One of my pet peeves is homeopathy. I have nothing against natural medicine - many of the pharmaceuticals out there come from plants or are related to chemicals that come from plants - but homeopathic medicine just pisses me off. The reason is that it is based on two ridiculous assumptions: 1) that like cures like - this is based on the fact that quinine taken in large enough doses causes fever like symptoms which are similar to the malaria is also cures, 2) that diluting something until it is not even there still leaves energy traces or something in the water it once touched. This is the basis for homeopathy - that quinine, which cures malaria, causes symptoms somewhat similar to malaria in large doses. To me this is like saying that since I once had a headache and had a glass of water before the headache went away that water cures headaches.

I was expecting this book to be a debunking of "alternative" medicine and it largely was. But it also made some points in favor of alternative medicine which I had never really considered.
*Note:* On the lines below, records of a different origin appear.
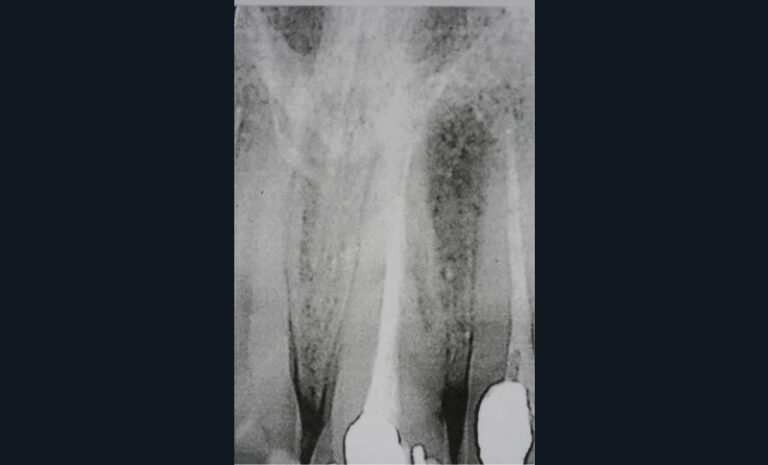 4. Radiographie pré-opératoire d’une résorption externe au niveau de 11 (a).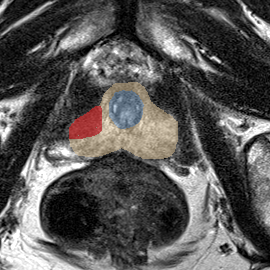 Peripheral-zone lesion, apex (Case 27) MRI preview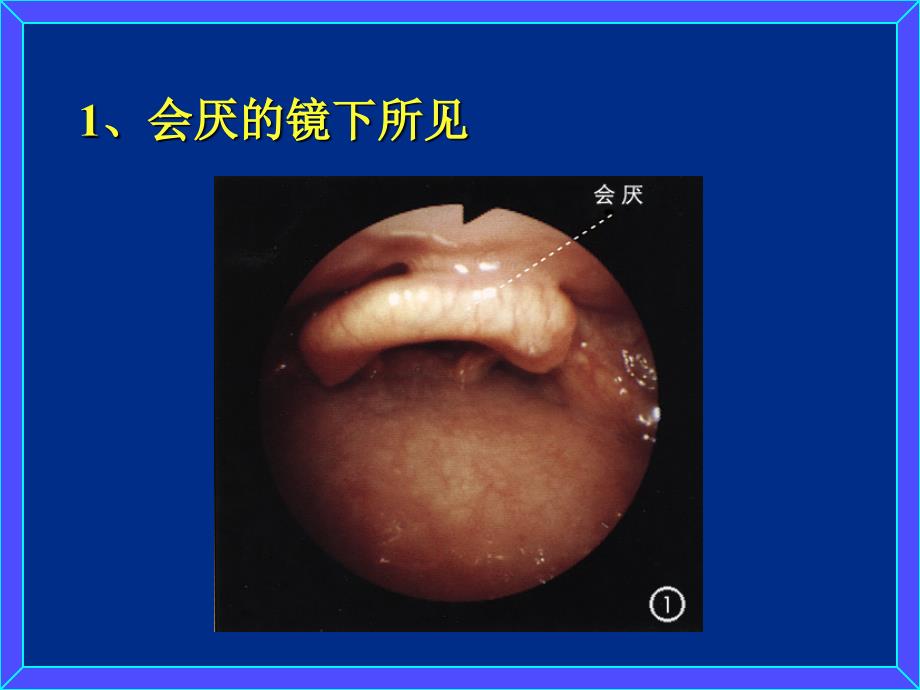 支气管镜检查的顺序及正常支气管的镜下所见课件.ppt_第3页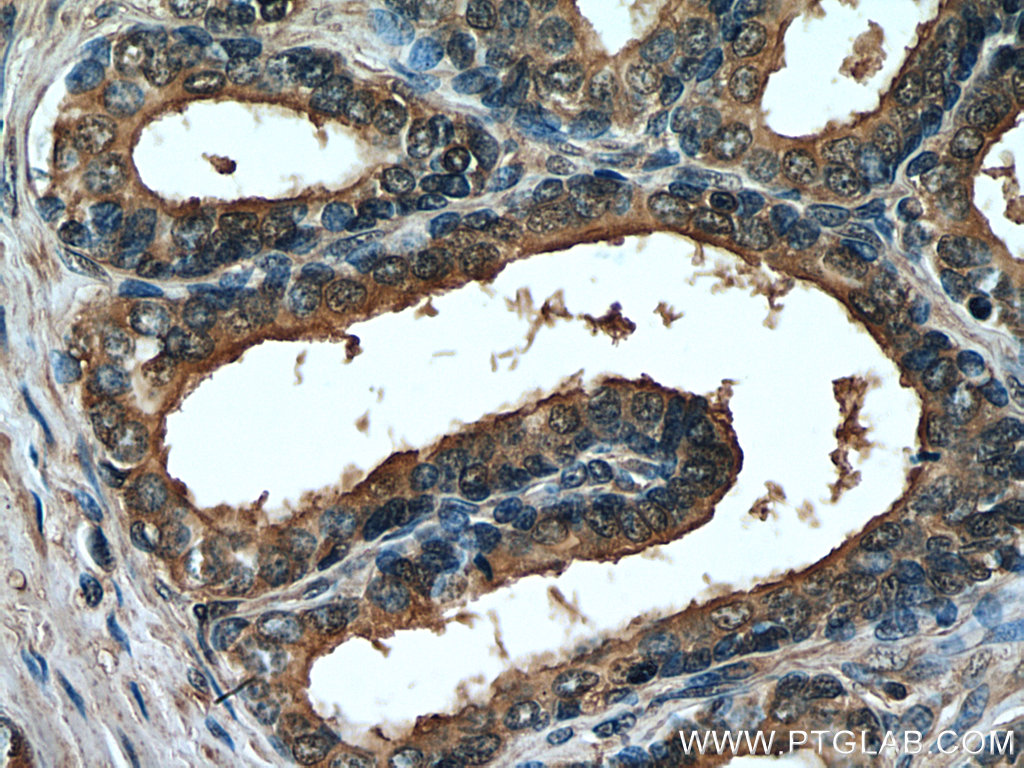 PTGER4 Monoclonal antibody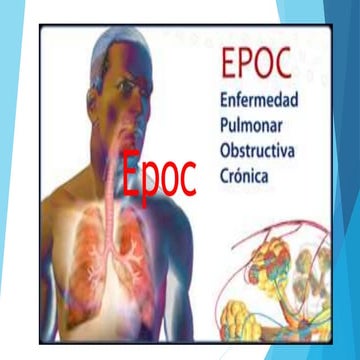 Epoc | PPTX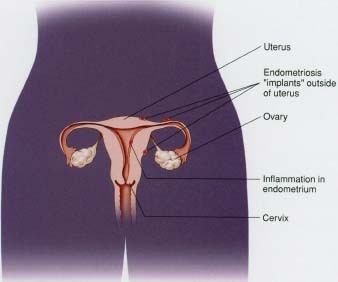 The endometrium is the lining of the uterus. In women with endometriosis, fragments of endometrial tissue become attached to other organs outside the uterus. The symptoms of endometriosis may include heavy bleeding, abdominal pain, lower back pain, and tenderness and pain in the pelvic area.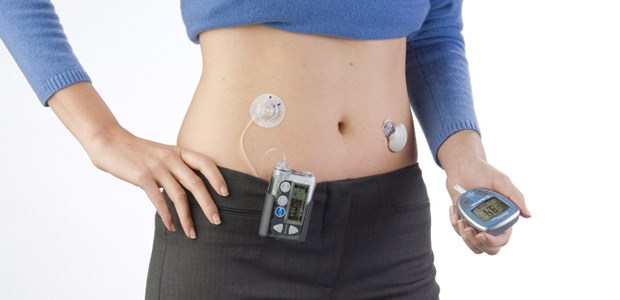 Insulinpumpe erkennt Hypoglykämien Das System Veo mit Insulinpumpe und Sensor am Körper.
As a science-minded person I know that research shows that vitamin C does not cure colds, cancer or most illnesses besides scurvey. But still when I get a sore throat I want to take vitamin C. Even knowing that the myth that it boosts your immune system was largely created and promoted by one man, Linus Pauling, and is mostly an invention of the media, I still believe it. Even knowing better I still feel like it helps me when I get a cold. This is because of the placebo effect which is very real. This is why in clinical studies they test medications against placebos - because just believing that something will help tends to make it actually help.
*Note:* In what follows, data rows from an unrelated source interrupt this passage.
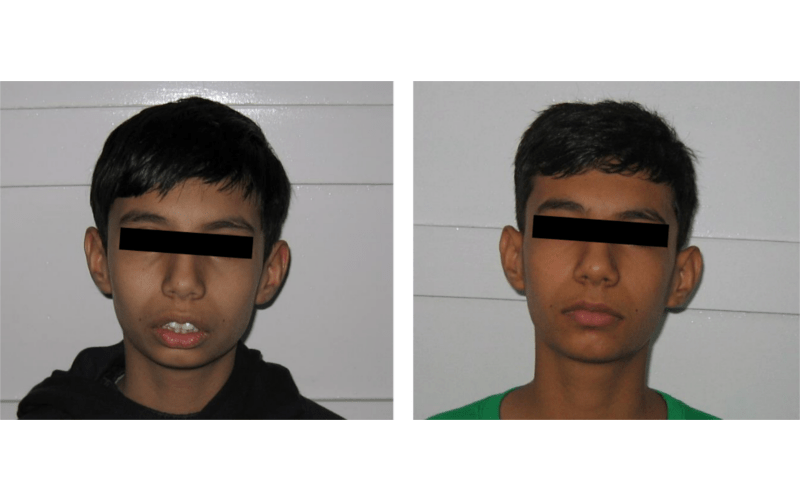 Class II Div 1 (Bimaxillary) image 1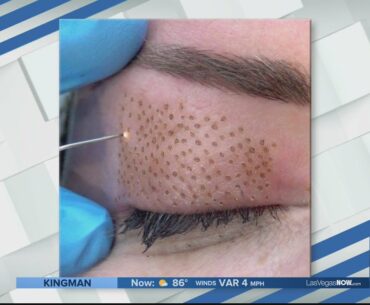 Tighten skin around your eyes with VJazzy Wellness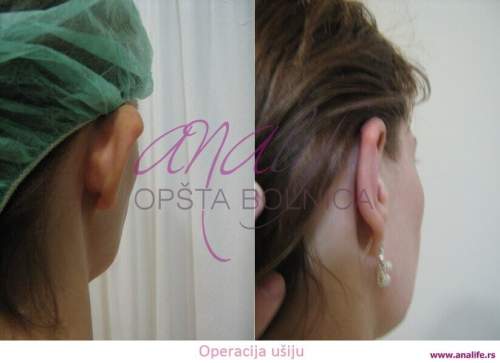 Operacija ušiju (otoplastika) – korekcija klempavih ušiju i prirodan oblik ušne školjke - slika 8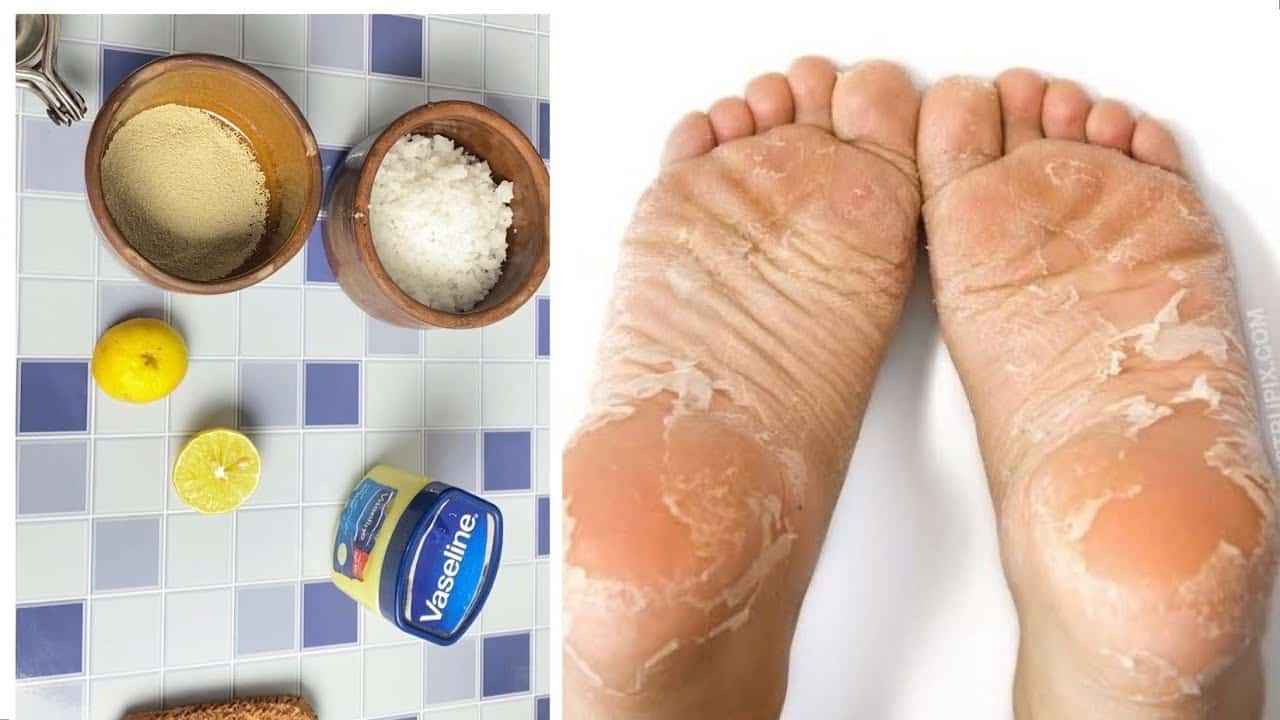 كعبك هينور هيبقي زي القشطة.. مش هتصدقي لو عندك خل هيعمل ايه في كعب رجلك هيزيل الجلد الميت والقشور المتراكمة في دقائق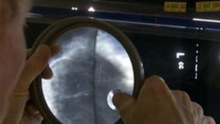 Tranh cãi quanh việc phương pháp chụp X-quang chẩn đoán ung thư vú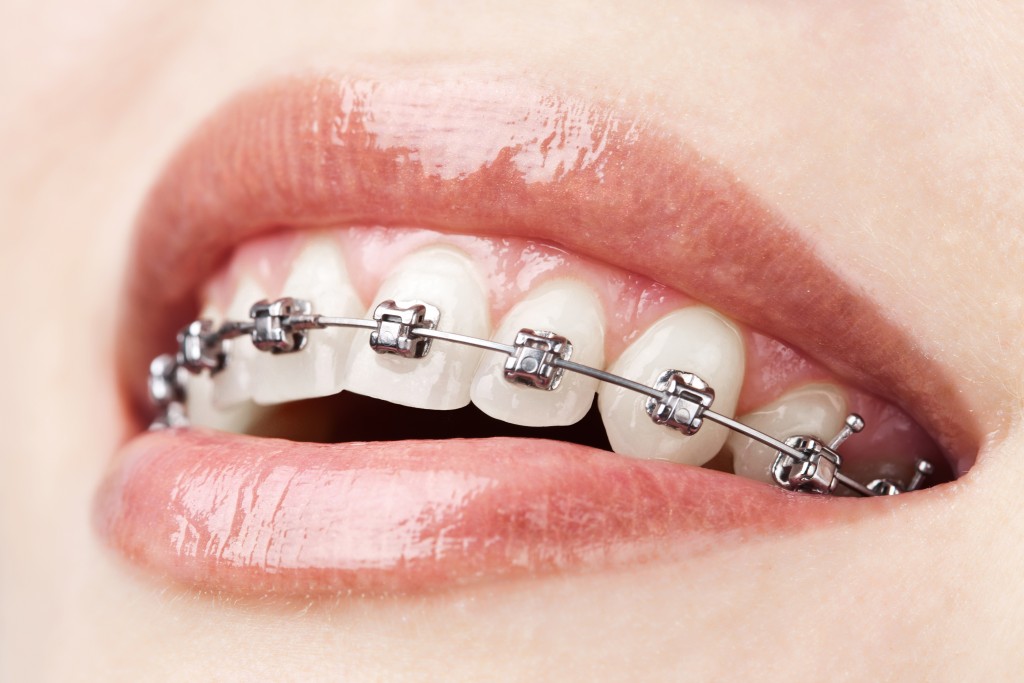 Dental Braces: Are Straight Teeth Everything?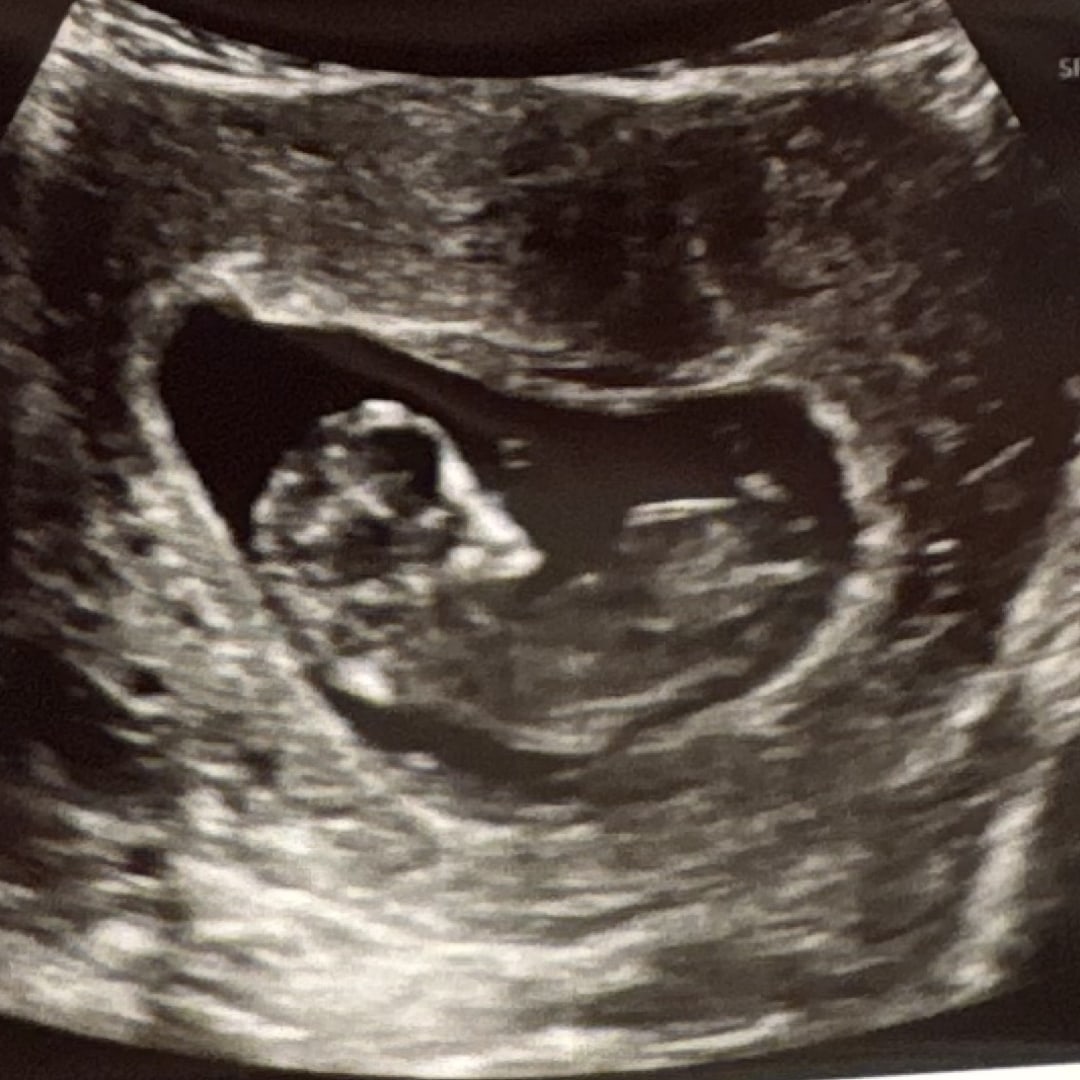 Photo shared by Autumn for their Babylist baby registry.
While the benefits of most alternative medicine are not supported by science (if they were they would be regular medicine instead of alternative), the placebo effect makes this a somewhat murky area. When people go to the doctor for a cold there is generally not much the doctor can do. Antibiotics won't help with a cold (which is a virus) and will just promote antibiotic-resistant bacteria, but most patients expect the doctor to prescribe something. My father is a doctor and when I was a child he would tell me about some of his older patients who he would give a vitamin B12 shot to every time he saw them. He said they expected some kind of medication and they seemed to like the brightly colored vitamin B12 injections so he would give them one. Now with pharmaceuticals advertised on TV he doesn't have that option - the patients come in requesting a specific medication and he can either give it to them regardless of whether they need it or not or let them go away angry and dissatisfied. Of course this is why big pharma loves advertising direct to consumers, but it results in a lot of people taking a lot of medication they don't need, that probably won't help them, and that which may have negative side effects.
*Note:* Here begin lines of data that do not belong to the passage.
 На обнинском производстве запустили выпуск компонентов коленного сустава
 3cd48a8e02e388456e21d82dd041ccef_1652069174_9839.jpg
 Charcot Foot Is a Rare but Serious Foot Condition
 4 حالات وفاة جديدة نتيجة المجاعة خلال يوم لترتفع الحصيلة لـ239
This is where alternative medicine comes in. There is a story at the end of the book about a doctor from England who moves to Africa in the 1800s. A visitor mentions about how backwards and primitive the witch doctors were, so the doctor takes him to see a witch doctor. The witch doctor at times chants, at times waves smoke around, at times gives the patients powder and sometimes points over to the English doctor. The doctor explains to his guest that when the witch doctor is chanting the patient has a psychological problem and the witch doctor is helping just by listening and doing something. The people who were given powder had minor ailments which would resolve on their own. For the people with serious medical problems which he could not treat, the witch doctor was sending them to the medical doctor. 

In this story the witch doctor is providing a valuable service - the people who don't need medical attention get to feel better because they talked to someone who listened and gave them something. Whether what they were given actually helps is irrelevant since their problems will resolve on their own. The people who actually need medical attention are referred to the medical doctor. The difference between this story and the reality of today is that the witch doctor knew what his limits were and when to refer patients to a level of care they need. Today most alternative healers do not believe in scientific western medicine and warn their patients away from it.

There is an entire field of medical research devoted to placebo medicine so placebos definitely have a place in medicine. However for them to work requires that the patient believe it will work and the patient is unlikely to believe that if the healer does not. There is a fine line between the need for alternative healers to believe in their remedies and also be aware of when their patients need actual scientific medical care. If they can manage this I think alternative medicine has a valuable place in medicine. Unfortunately it seems that most healers are not aware of their limits.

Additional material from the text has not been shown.